Problem details: Below is a set of entries. Print the line that contains "Pro Discover 30 Degree Handlebar In Black-1" and every later line word for word, through the final one.

Stored dataset items:
┌────────
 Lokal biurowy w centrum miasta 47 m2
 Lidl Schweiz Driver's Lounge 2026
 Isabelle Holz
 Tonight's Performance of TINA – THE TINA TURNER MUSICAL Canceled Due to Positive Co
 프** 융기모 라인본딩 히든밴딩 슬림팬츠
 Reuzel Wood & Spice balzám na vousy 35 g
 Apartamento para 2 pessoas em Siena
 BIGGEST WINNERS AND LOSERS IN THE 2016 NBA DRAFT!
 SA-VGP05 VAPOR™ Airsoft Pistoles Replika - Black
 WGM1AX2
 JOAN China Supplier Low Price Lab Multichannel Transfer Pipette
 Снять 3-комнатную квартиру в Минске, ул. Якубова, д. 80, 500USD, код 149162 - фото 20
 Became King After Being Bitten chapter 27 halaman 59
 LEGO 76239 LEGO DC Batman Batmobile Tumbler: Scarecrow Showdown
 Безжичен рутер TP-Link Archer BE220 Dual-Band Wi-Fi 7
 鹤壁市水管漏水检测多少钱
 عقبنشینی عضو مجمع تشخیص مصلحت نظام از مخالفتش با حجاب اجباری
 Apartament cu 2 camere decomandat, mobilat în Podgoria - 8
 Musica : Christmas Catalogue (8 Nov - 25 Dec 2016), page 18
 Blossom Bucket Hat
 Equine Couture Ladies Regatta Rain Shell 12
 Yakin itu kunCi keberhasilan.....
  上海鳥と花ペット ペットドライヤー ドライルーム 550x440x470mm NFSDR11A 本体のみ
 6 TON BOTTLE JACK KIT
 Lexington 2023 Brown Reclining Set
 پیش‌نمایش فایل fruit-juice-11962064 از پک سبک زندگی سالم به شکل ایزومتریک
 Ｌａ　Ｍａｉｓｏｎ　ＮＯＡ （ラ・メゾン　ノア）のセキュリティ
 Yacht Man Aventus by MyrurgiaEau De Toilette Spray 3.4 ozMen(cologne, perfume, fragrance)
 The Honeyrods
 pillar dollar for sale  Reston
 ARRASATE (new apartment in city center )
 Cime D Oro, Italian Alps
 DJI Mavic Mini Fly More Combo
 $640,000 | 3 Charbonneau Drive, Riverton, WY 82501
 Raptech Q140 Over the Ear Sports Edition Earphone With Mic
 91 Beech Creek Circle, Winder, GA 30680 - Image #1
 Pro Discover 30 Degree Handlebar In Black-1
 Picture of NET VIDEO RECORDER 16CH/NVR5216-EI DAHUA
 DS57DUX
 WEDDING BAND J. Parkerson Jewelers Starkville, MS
└────────
Task output:
 Pro Discover 30 Degree Handlebar In Black-1
 Picture of NET VIDEO RECORDER 16CH/NVR5216-EI DAHUA
 DS57DUX
 WEDDING BAND J. Parkerson Jewelers Starkville, MS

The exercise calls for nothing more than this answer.